Notre système de vote est utilisé d’une part pour gérer l’ensemble des questions et des réponses associées utilisées dans nos quizz et d’autre part pour récolter le nombre de votes des internautes lors des jeux concours.
Actuellement, le trafic généré par cette fonctionnalité varie entre quelques votes par minute la nuit à quelques dizaines de votes par seconde lors des premières parties de soirée.
Historique
Comme souvent, les besoins ont régulièrement évolué depuis la mise en place initiale du système en 2009, faisant parfois prendre des chemins tortueux à l’implémentation technique. Au fil des demandes, notre système a par exemple dû stocker ses données dans nos forums pour une fonctionnalité qui a ensuite été rapidement abandonnée.
L’année 2012 a vu l’arrivée du second écran : à l’aide de l’application gratuite adéquate, les périphériques mobiles peuvent désormais se synchroniser avec l’émission en cours de visionnage, en direct ou en différé, sur la TV ou sur le web (la synchronisation se fait par la bande son). Cette synchronisation nous permet de pusher instantanément sur les périphériques mobiles du contenu adapté à ce que le téléspectateur regarde : le détail de la recette que le cuisinier prépare dans Top Chef ou un sondage concernant la dernière trouvaille linguistique d’un ch’tit face à sa ch’tite.

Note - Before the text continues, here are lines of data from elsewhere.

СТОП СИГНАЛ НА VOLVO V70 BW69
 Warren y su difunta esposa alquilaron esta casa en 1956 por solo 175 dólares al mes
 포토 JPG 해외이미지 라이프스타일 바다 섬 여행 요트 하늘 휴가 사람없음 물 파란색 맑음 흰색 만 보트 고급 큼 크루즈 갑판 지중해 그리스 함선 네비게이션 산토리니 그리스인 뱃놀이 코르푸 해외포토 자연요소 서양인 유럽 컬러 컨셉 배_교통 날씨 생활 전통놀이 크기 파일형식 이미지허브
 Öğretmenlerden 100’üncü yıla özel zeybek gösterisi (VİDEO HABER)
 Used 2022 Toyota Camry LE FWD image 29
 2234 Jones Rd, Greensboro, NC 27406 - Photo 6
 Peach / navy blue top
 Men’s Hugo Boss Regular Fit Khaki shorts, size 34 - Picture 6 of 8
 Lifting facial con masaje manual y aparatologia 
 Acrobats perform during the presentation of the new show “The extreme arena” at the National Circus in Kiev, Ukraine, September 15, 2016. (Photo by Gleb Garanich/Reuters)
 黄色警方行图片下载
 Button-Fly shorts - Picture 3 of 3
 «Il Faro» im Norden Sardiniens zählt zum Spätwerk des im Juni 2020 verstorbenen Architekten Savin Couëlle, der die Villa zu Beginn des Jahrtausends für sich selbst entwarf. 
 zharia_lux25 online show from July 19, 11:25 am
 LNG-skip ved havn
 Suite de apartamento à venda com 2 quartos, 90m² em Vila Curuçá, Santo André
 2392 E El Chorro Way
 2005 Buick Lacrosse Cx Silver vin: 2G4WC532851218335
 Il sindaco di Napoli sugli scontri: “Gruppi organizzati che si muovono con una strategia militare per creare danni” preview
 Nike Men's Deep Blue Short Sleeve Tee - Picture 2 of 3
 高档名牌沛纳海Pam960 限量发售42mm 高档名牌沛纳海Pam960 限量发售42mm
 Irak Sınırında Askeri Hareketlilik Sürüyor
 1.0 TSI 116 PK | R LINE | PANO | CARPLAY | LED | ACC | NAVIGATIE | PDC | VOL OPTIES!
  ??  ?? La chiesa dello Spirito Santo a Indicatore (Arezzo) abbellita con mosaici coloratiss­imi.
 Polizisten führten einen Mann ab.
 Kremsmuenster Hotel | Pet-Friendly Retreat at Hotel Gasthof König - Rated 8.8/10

Le second écran s’annonçait alors comme une source importante de trafic supplémentaire pour notre système de vote. Effectivement, en plus du trafic historique généré par les sites web, nous allions aussi recevoir tous les votes provenant des périphériques mobiles.
Ce nouveau trafic a une saisonnalité très marquée : il est principalement présent en début de soirée et reste très dépendant du programme diffusé et de la contribution apportée.
Problématique
La principale problématique venait de l’architecture des bases de données MySQL. Étant fortement couplées sur l’ensemble de la plateforme, la moindre défaillance de l’une d’elles, due à une surcharge sur un sondage, risquait de pénaliser les internautes de tous nos autres sites (un sondage du second écran pouvait donc impacter l’expérience utilisateur de Clubic).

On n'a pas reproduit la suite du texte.